REPUBLIKA.CO.ID, BEIRUT -- Amnesti Internasional pada Selasa (7/9) mengatakan pengungsi Suriah yang telah kembali ke rumah mereka menjadi sasaran penyiksaan, penahanan, dan penghilangan oleh pasukan keamanan. Amnesti Internasional mendesak pemerintah untuk melindungi mereka dari deportasi dan pemulangan paksa.
Dalam sebuah laporan berjudul You're Going to Your Death, Amnesti Internasional mendokumentasikan pelanggaran oleh petugas intelijen terhadap 66 pengungsi yang kembali ke Suriah, termasuk 13 anak-anak. Laporan itu juga menyebutkan lima kematian dalam tahanan. Laporan itu muncul sebagai tekanan pada beberapa negara Barat yang memulangkan kembali para pengungsi Suriah.
"Setiap pemerintah yang mengklaim Suriah sekarang aman dengan sengaja mengabaikan kenyataan mengerikan di lapangan dan membuat para pengungsi takut kehilangan nyawa mereka,” bunyi laporan itu.
Amnesti Internasional mendesak pemerintah Eropa, Turki, Yordania, dan Lebanon untuk menghentikan praktik apa pun yang memaksa pengungsi Suriah untuk pulang. “Permusuhan militer mungkin telah mereda, tetapi kecenderungan pemerintah Suriah untuk melakukan pelanggaran hak asasi manusia yang mengerikan belum selesai,” kata Amnesti Internasional.
Dewan Eropa dan Parlemen Eropa telah mengeluarkan deklarasi yang mengatakan pemulangan pengungsi Suriah berlangsung dengan aman dan sukarela. Bdan pengungsi PBB, UNHCR, telah meminta negara-negara untuk tidak secara paksa memulangkan warga negara Suriah ke wilayah mana pun, bahkan daerah-daerah yang dikendalikan oleh pemerintah, seperti wilayah ibu kota.
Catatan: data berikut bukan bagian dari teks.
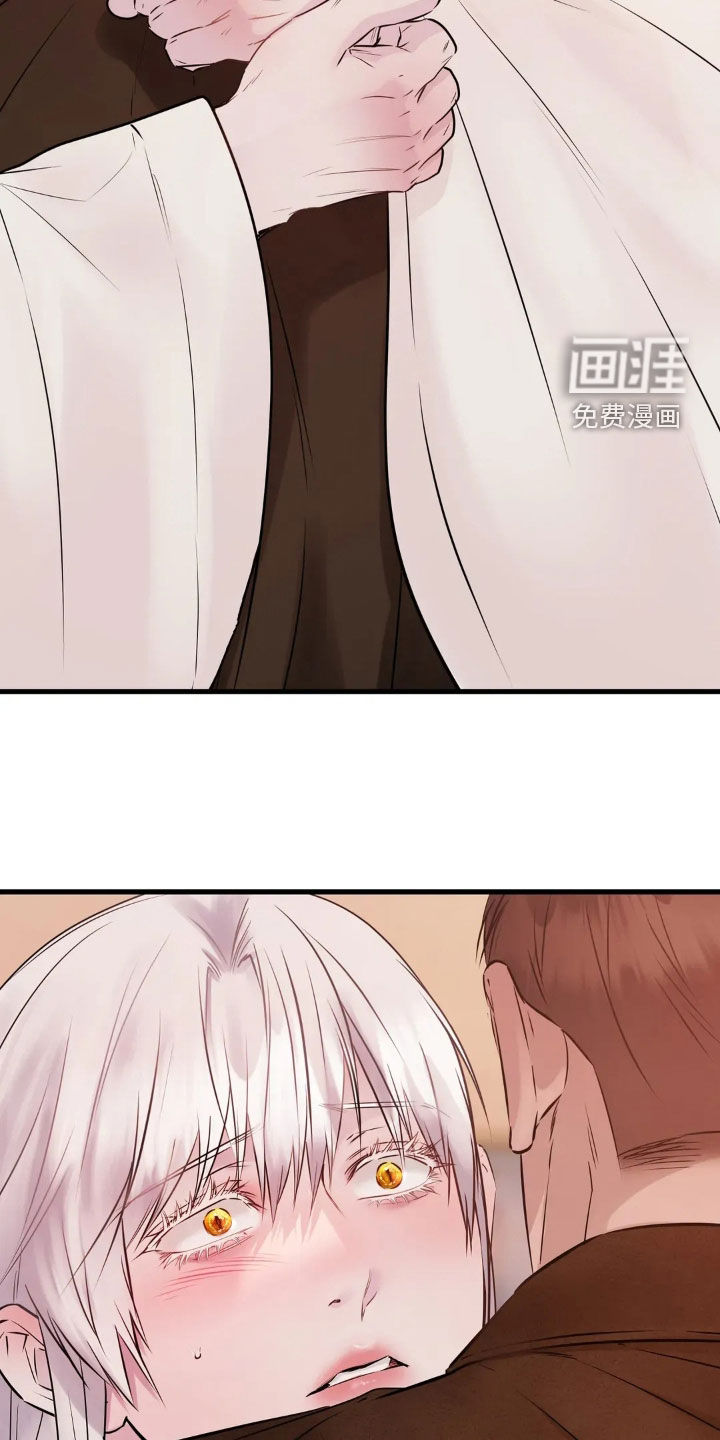 第44话1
Suriah telah membantah bahwa para pengungsi menghadapi penyiksaan dan pembalasan. Presiden Suriah, Bashar al-Assad, menuturkan jutaan pengungsi dipaksa untuk tinggal di negara tuan rumah dengan tekanan atau intimidasi. Dia menambahkan negara tuan rumah membujuk mereka secara finansial.
Assad telah menghancurkan pemberontakan terhadapnya untuk mendapatkan kembali kendali atas 70 persen negara. Dia mengamankan masa jabatan keempat dalam pemilihan Mei lalu.
Konflik Suriah dimulai pada 2011 sebagai protes terhadap pemerintahan Assad. Aksi protes kemudian berubah menjadi konflik multi-sisi yang menewaskan ratusan ribu orang. Jutaan warga Suriah telah mengungsi ke sejumlah negara.